My usual approach to problems like this is to pay very close attention to the database queries you're making and tune them aggressively. 我对此类问题的常用方法是密切关注您正在进行的数据库查询并积极地调整它们。 Retrieve only what you need, skipping columns that aren't explicitly used, and be very careful about eager loading things you don't need in their entirety. 仅检索您需要的内容，跳过未明确使用的列，并且非常谨慎地加载您完全不需要的内容。

You'll often find you can get significant speed gains by adding indexes, or strategically de-normalizing certain attributes in your database to avoid ugly, time-consuming JOIN operations. 您经常会发现，通过添加索引或策略性地对数据库中的某些属性进行反规范化可以获得显着的速度提升，以避免丑陋，耗时的JOIN操作。
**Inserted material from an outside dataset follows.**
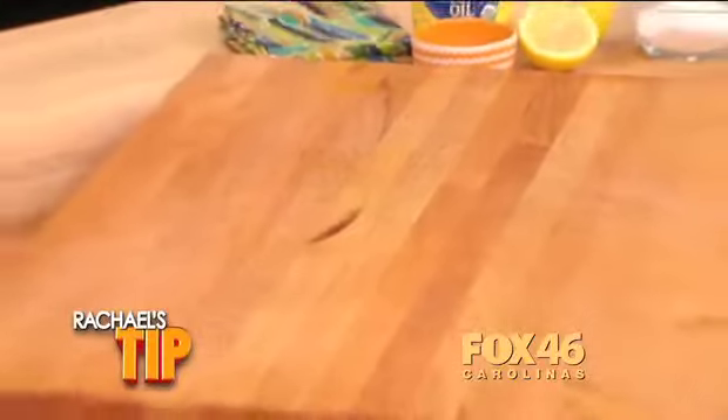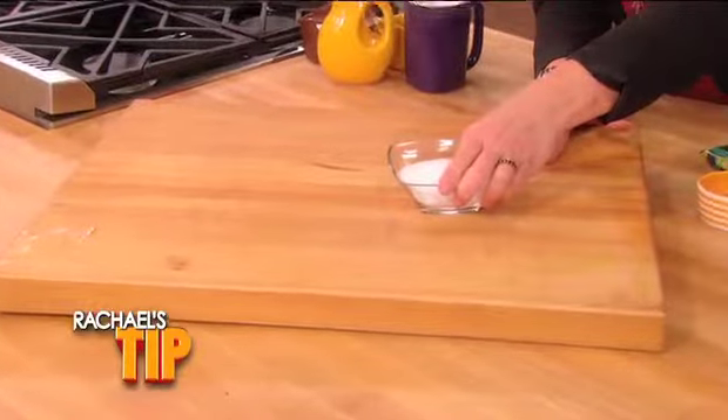If you love to cook, a large cutting board is an essential. Here's how you care for it. To clean the board, disinfect it with kosher salt.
Further, think about caching: The fastest database call is the one that's never made. 考虑缓存：最快的数据库调用是从未进行过的。 It's not hard to leverage in something like Memcached to save the results of a moderately time-consuming record retrieval and if done carefully it's even easy to invalidate and expire this provided you channel your updates through a few methods. 利用Memcached之类的东西来保存适度耗时的记录检索结果并不难，如果仔细完成，即使通过几种方法引导您的更新，也很容易使其失效并过期。

For scheduling workers, a simple first-in, first-out queue can be implemented in Redis to off-load a lot of the processing overhead from MySQL itself. 对于调度工作程序，可以在Redis中实现一个简单的先进先出队列，以从MySQL本身卸载大量处理开销。 This is usually very simple to add if you follow an example. 如果您按照示例添加，这通常非常简单。

A cache like Memcached can handle an extremely high amount of traffic, so whenever possible, cache against this to avoid hitting your database for every last thing. 像Memcached这样的缓存可以处理极高的流量，因此只要有可能，就要对其进行缓存，以避免因为最后的事情而访问数据库。

If you've exhausted these options, it's time for more front-end servers and even more database capacity, but only then. 如果您已经用尽了这些选项，那么就需要更多的前端服务器和更多的数据库容量，但只有这样。

Queing is easiest thing for you to implement. 排队是最容易实现的事情。 Use something like this: http://beanstalkd.github.com/beaneater/ 使用这样的东西： http ： //beanstalkd.github.com/beaneater/

Basically you can prepend your methods with async. 基本上，您可以使用async.前置方法async. which will put them into queue and execute them. 这将把它们放入队列并执行它们。 They queue and workers can be same server or a different one. 他们排队，工人可以是同一个服务器或不同的服务器。